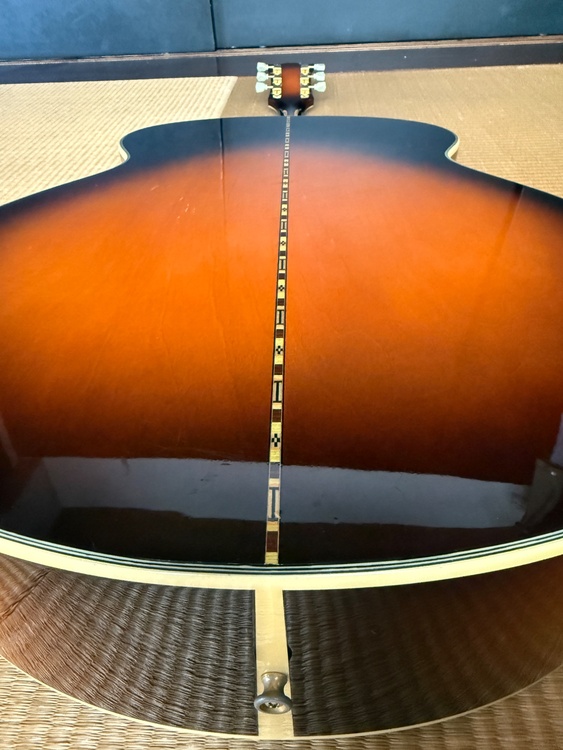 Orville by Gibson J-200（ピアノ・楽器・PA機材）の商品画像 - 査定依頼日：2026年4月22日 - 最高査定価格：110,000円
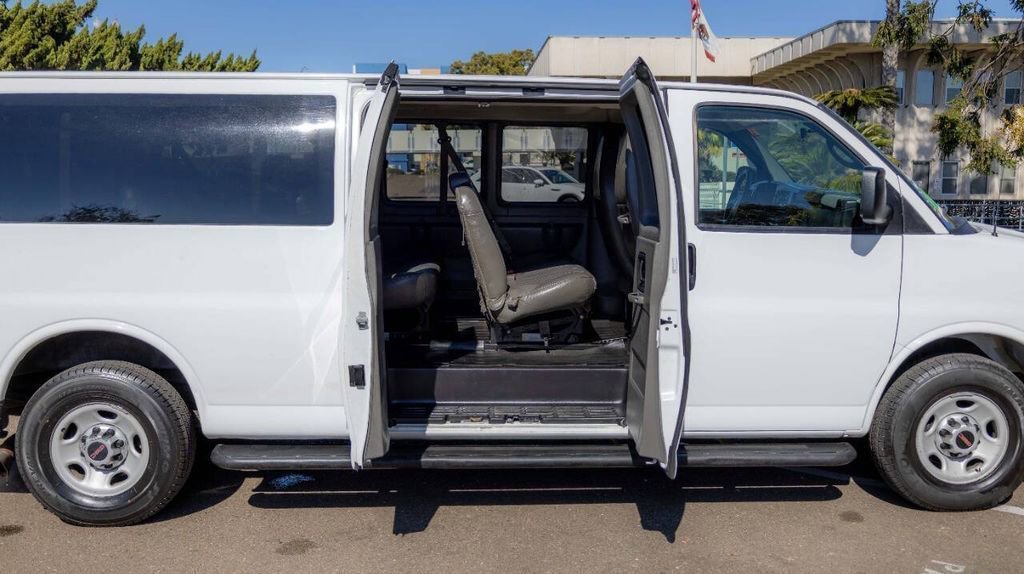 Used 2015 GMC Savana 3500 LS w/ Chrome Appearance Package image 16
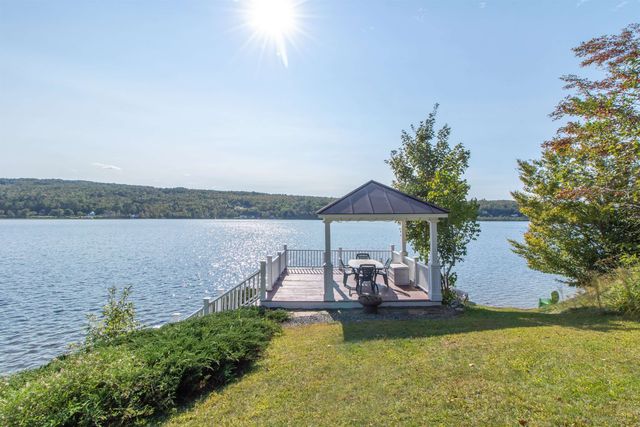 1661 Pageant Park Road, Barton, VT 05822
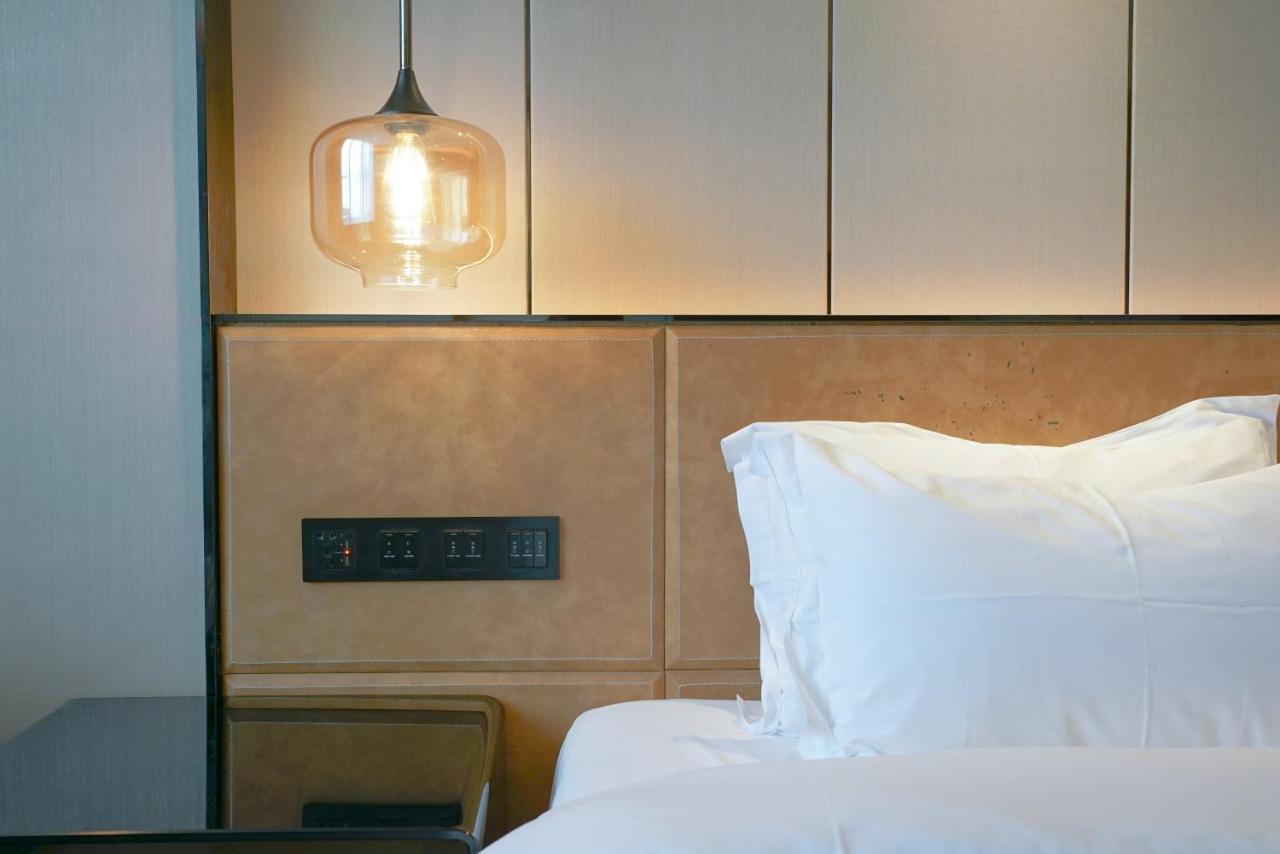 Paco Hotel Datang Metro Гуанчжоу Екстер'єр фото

*What the task asks*
Would you please retype all the data exactly? Leave out whatever pictures it holds.

*Answer to this problem*
 Orville by Gibson J-200（ピアノ・楽器・PA機材）の商品画像 - 査定依頼日：2026年4月22日 - 最高査定価格：110,000円
 Used 2015 GMC Savana 3500 LS w/ Chrome Appearance Package image 16
 1661 Pageant Park Road, Barton, VT 05822
 Paco Hotel Datang Metro Гуанчжоу Екстер'єр фото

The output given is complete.